Now, those who have been following the development of NHS plc are prone to get a brisk migraine whenever they see the letters KPMG near NHS. Perhaps Dr No should have prefaced this post with a KPMG alert: ‘Warning! This post contains KPMG!’ Be that as it may, Dr No does not intend to add to his migraine sufferers’ agonies by delving further into iSoft’s history – migraine-proof readers can do that for themselves. Instead, he intends to look at the more general question of anonymous data security, in particular the risk of so-called re-identification of data: that is, re-attaching real names to ‘anonymous’ data records.

Much is made of the confidentiality of the data that will be made available. The MHRA (CPRD’s daddy) says: ‘All patient data is anonymised, robustly protecting people’s confidentiality’, while the CPRD is more specific. In an ‘important statement about data confidentiality’, it says those given access to its data ‘never [unless consent has been given] get access to names, addresses, post codes or dates of birth.’ So far so good – or is it?

Apart from the risk of the redacting pen missing its mark, consider this. For data to be medically useful, we usually want to know age and sex. This information is not – repeat not – covered by CPRD’s data access exclusions. Let us imagine the data also include admission data – maybe not dates, but number of admissions and length of stay. Now let us imagine – this being akin to (but a simplified version of) ‘Case Study 8’ in the Information Commissioner’s guidance on anonymity – that an anonymous NHS dataset is sold to a business, whose employee records contain, inter alia, data on periods of sick leave. Bingo! In the language of relational databases, all we need to do is an inner join query (forgive the mumbo jumbo, but you’ll get the idea):

SELECT * FROM patients INNER JOIN employees

ON (patients.age=employees.year(now)-year(dob)

AND patients.sex=employees.gender

AND patients.(length_of_stay+14)=employees.days(sick_leave)

and back come the records: and bingo! – the computer says you have schizophrenia!
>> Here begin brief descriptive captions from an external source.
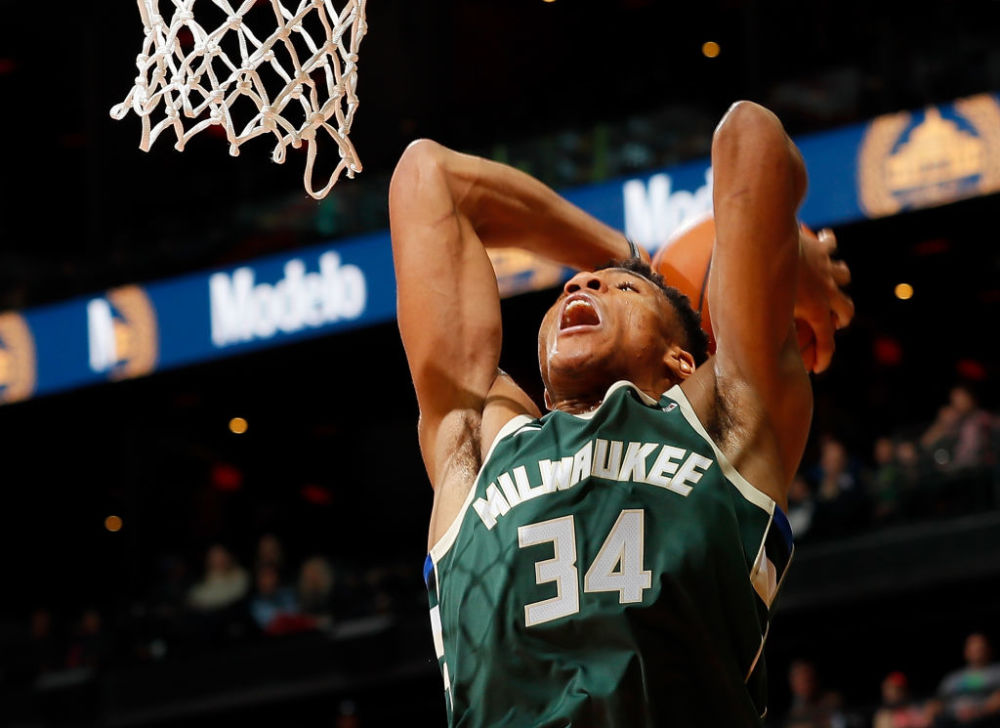 梁靖崑一脸沮丧令人心疼！10-6手握赛点被逆转 腰椎伤病困扰他9个月（梁靖崑10-6握赛点仍被逆转，落寞神情惹人心酸；腰椎伤势缠身已9个月）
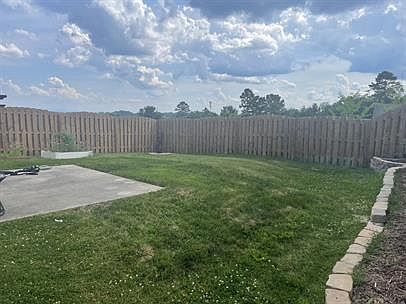 5th image of 1427 Remington Grove Ln #1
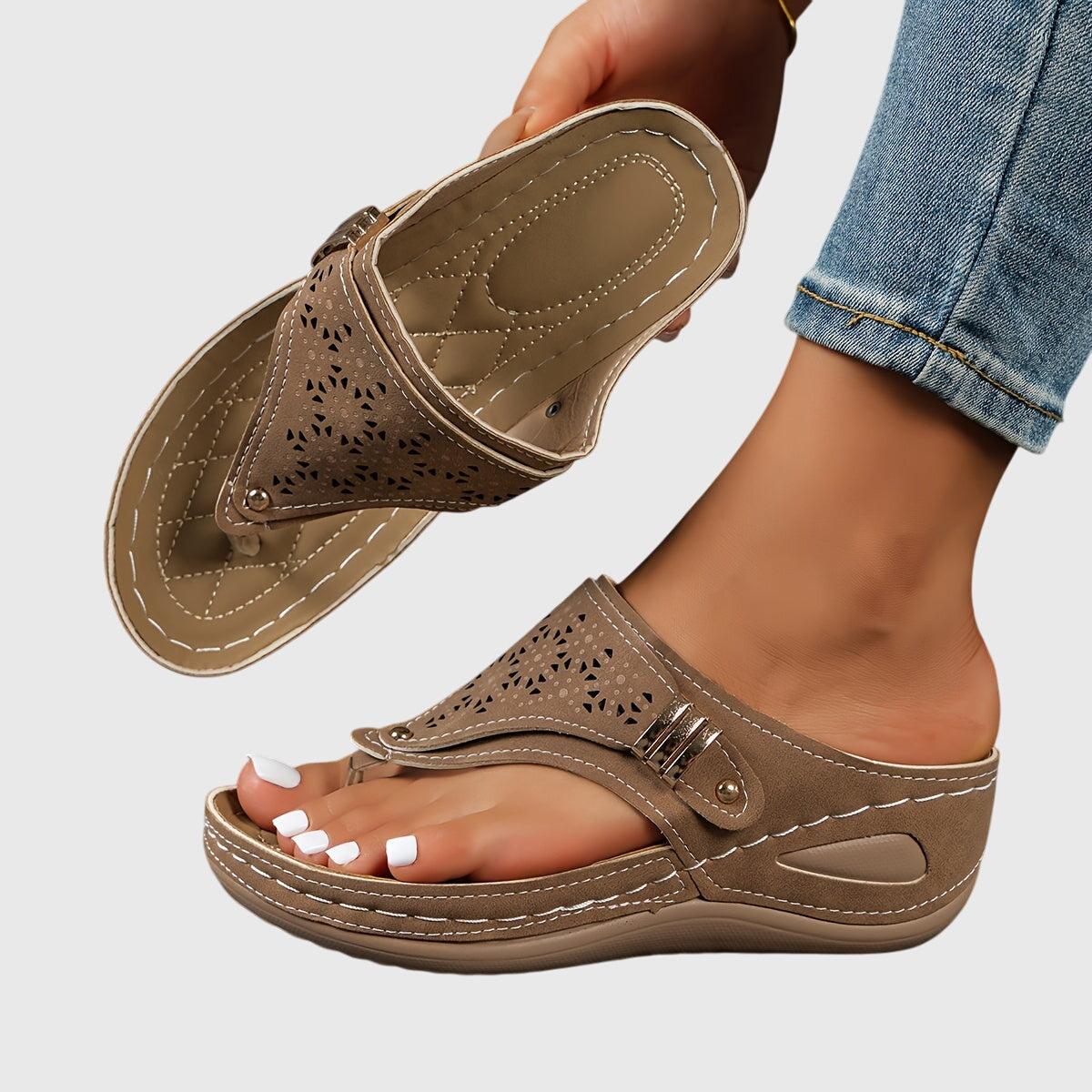 Bleuzenn Platform Thong Sandals
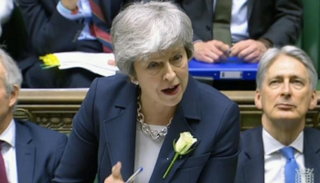 رئيسة وزراء بريطانيا تيزيرا ماي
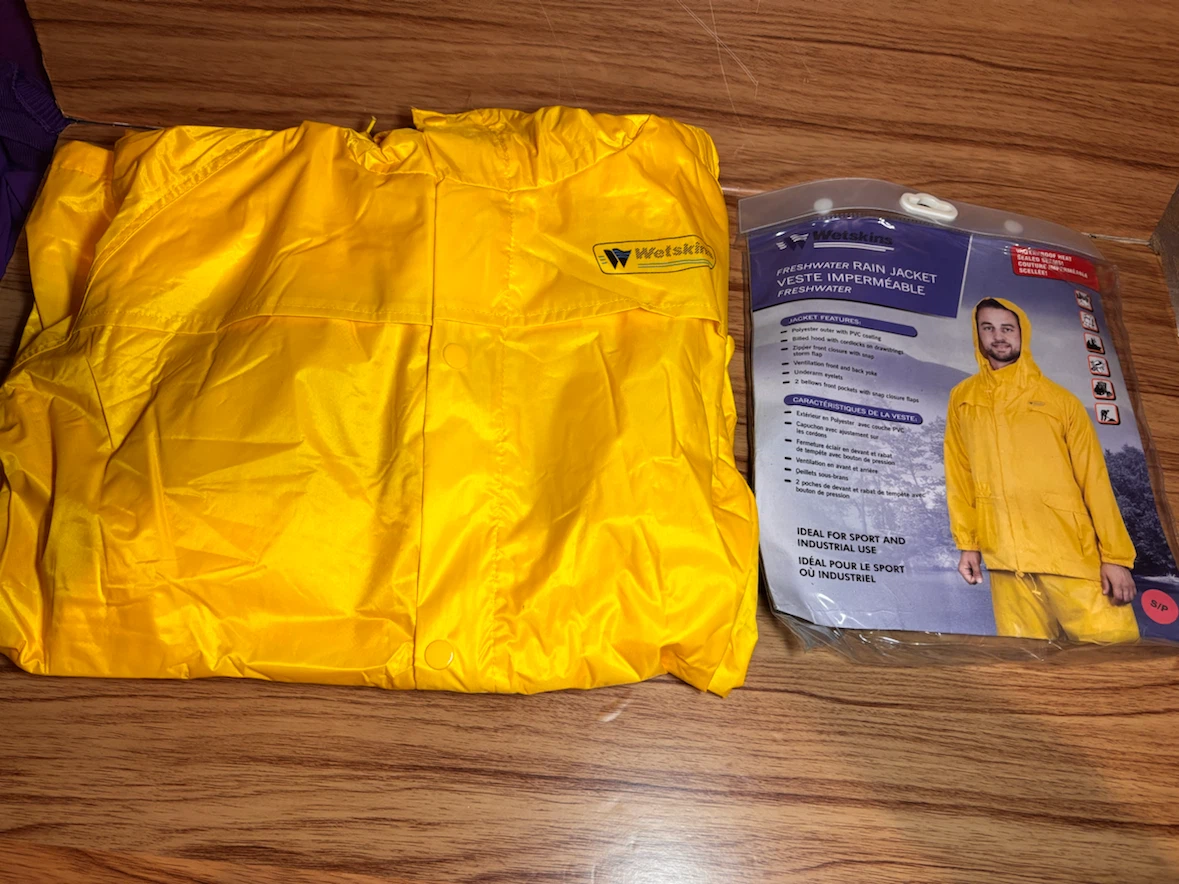 Brand New Wetskins Freshwater Rain Jacket szS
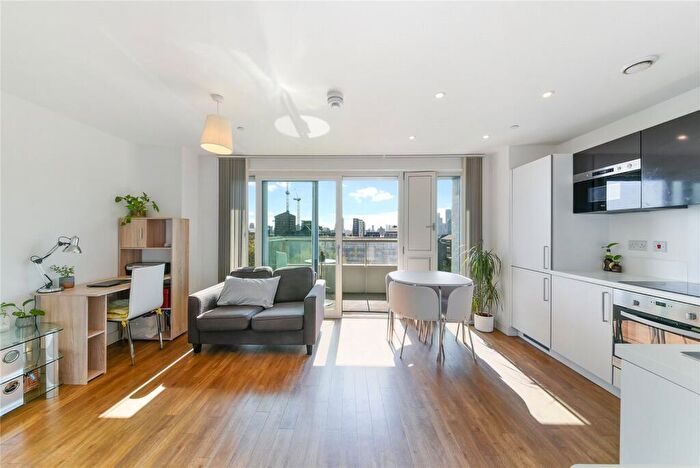 Apartment To Rent In Marner Point, Jefferson Plaza, London, E3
Ah but, you say, surely this sort of chicanery falls foul of the Data Protection Act? In fact it doesn’t, because of a loophole in the Act. Naturally enough, both the NHS and the business are registered data controllers. In each organisation, the data are personal data, and so covered by the Act. But at the moment of disclosure, from the NHS to a third party, the data are deemed anonymous, and so are not covered by the Act, even if the third party has the means to re-identify the data.

Dr No’s inner join is a naïve example from a database novice. The more general point is this: however well a dataset is anonymised, someone, somewhere, somehow, will find a way to crack it. It’s what we humans do. Indeed, we’ve been proving we can do it for decades. The Governor of Massachusetts famously ended up with a red face after receiving an unsolicited copy of his ‘anonymous’ medical records; more recently, AOL and Netflix have ended up with beetroot faces (and expensive lawsuits) after ‘anonymous’ datasets they released were compromised. The inescapable and unavoidable fact is: it happens. Anonymity, we might say, is the data boil waiting to burst.

The only way to guarantee anonymity is to anonymise the data to the point of sterility: but then it is unfertile for research. As Paul Ohm, a leading commentator on the failures of data anonymity says, data can be either useful or perfectly anonymous but never both. As a society, we face a stark choice: which is it to be?